Во время нашего разговора со Скалаком мы рассказывали друг другу события, произошедшие с каждым из нас за восемнадцать лет. В камеру принесли обед, состоявший из каши и большущей чашки какого-то заменителя чая, а мне еще выдали мою дневную пайку хлеба и сахара, простыню, наволочку и подушку. Казахстанский нарком достал масло и угостил меня этим лакомством, от которого я уже успел отвыкнуть. Блондин тоже имел свои запасы, у него было довольно много сахара. Между прочим мои, товарищи по камере сообщили, что на Лубянке есть тюремный ларек, в котором можно время от времени отовариваться. Это было восьмое мая, мои именины, и я подумал, что отмечать их мне пришлось в совершенно невероятной обстановке и с совершенно невероятными людьми.

Я уже писал, что сразу же, войдя в камеру, мне бросилось в глаза огромное количество книг, тут было около двух десятков книг по самым разным областям знаний и литературы. Книга, которую читал блондин, была томиком стихов Маяковского, он очень любил этого поэта. Этот молодой инженер был недавно переведен на Лубянку из лефортовской тюрьмы, где под пытками он подписал какие-то вздорные показания, и сейчас ему неминуемо грозил расстрел. Декламированием стихов Маяковского он старался отвлечься от реальности. Мы много разговаривали с ним о поэзии, но полюбить Маяковского я так и не смог, хотя и очень люблю русских поэтов. Наверное, точно так же в начале двадцатых годов молодые коммунисты не смогли убедить Ленина, что Маяковский значительно превосходит Пушкина. От него, моего нового знакомого инженера, я получил почитать автобиографию Станиславского, знаменитого основателя Художественного театра в Москве.

Мне книга была тем более интересна, еще в студенческие годы в Москве 1917-18 годов я тесно сошелся с одной из групп молодых актеров, учеников Станиславского. Из других книг, прочитанных мною в той камере, мне запомнилась работа итальянского генерала Доута о стратегии воздушного боя. Было в библиотеке и много переводной английской и французской литературы. Я не сдержал своего удивления и спросил своих соседей, откуда столько книг. Они мне объяснили, что после смещения Ежова заключенные получили доступ к очень хорошей и обширной тюремной библиотеке, скомплектованной в основном из книг, реквизированных после революции у буржуазии.

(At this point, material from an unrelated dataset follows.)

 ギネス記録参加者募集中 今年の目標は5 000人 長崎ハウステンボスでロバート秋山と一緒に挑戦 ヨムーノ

Каждый заключенный имел право получить до шести книг на десять дней. Однако в библиотеке не было книг на иностранных языках и политической литературы, даже трудов Маркса и Ленина нельзя было получить, — политика. Особенно популярной была работа де Галля, не бывшего в то время еще политическим деятелем, о стратегии танкового боя; она буквально зачитывалась до дыр, переходя из камеры в камеру. Я с удивлением обнаружил, что советский интеллектуал более его западных или польских коллег склонен мыслить глобальными политическими и военными категориями.

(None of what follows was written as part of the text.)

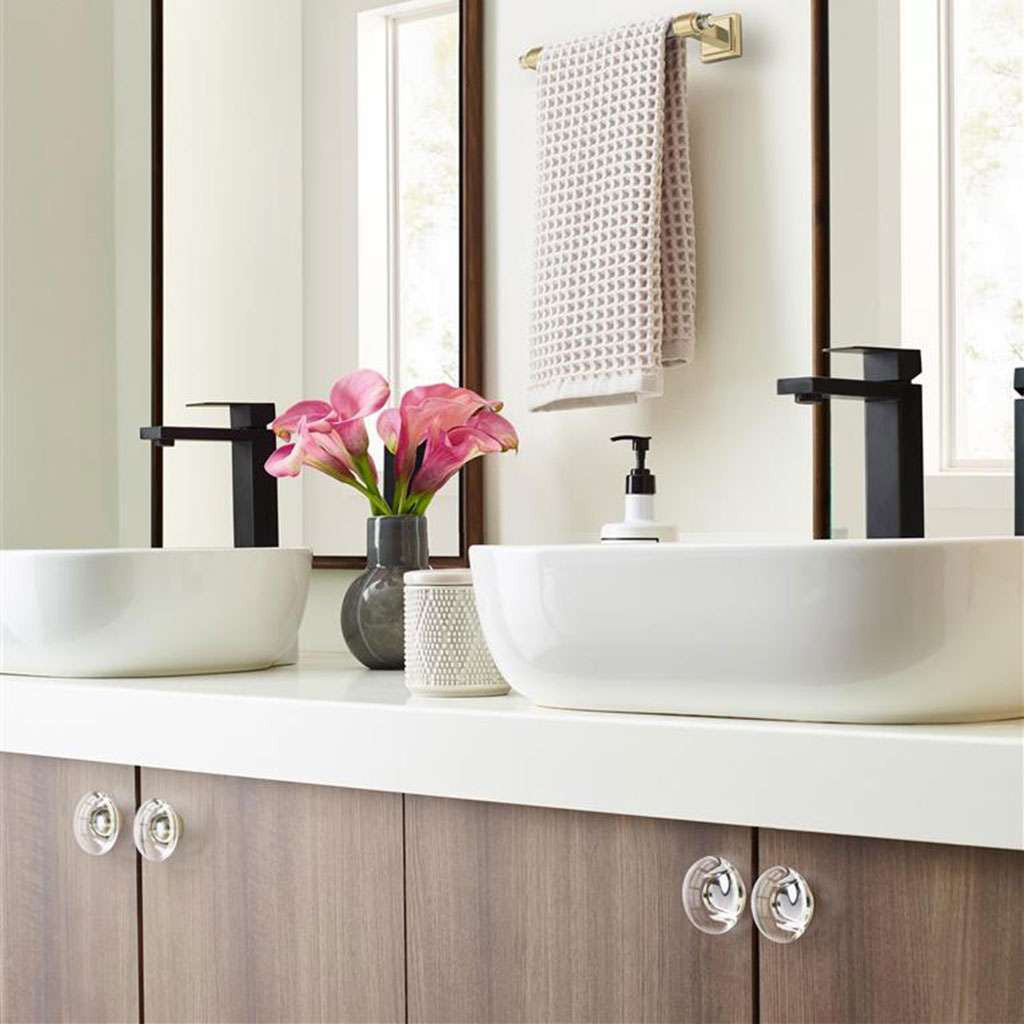 AMEROCK Glacio 1-3/4" Diameter Glass Cabinet Knob in Clear and Golden Champagne BP36652CG10 in Bathroom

В камере N-41 мне суждено было пробыть чуть больше восьми месяцев, до тех самых пор, когда на горизонте замаячил призрак надвигающейся советско-германской войны. За это время состав нашей камеры часто менялся — одни приходили, другие уходили. Через нее прошли представители многих профессий и социальных слоев советского общества: были и инженеры, и администраторы производств, три студента, бывших секретарями парткомов своих факультетов, один государственный функционер высокого ранга, очень понравившийся мне своим анализом международного положения. Да и по национальному составу это было довольно пестрое общество. Тут побывали представители почти всех неславянских национальностей: грузины, татары, армяне, литовцы, эстонцы. Но не было ни одного крестьянина — я их потом много встречал в лагерях, и ни одного рабочего от станка. Лубянка была учреждением, прежде всего, для представителей среднего и высшего советских общественных классов и для тех, кого Милован Джилас назвал «новым классом». И каждый из них делился своим горем, рассказывал о себе, о своей жизни. Если бы я сейчас мог вспомнить все эти беседы, какая бы получилась интересная книга о «новом классе» и его проблемах во время Великой Отечественной войны!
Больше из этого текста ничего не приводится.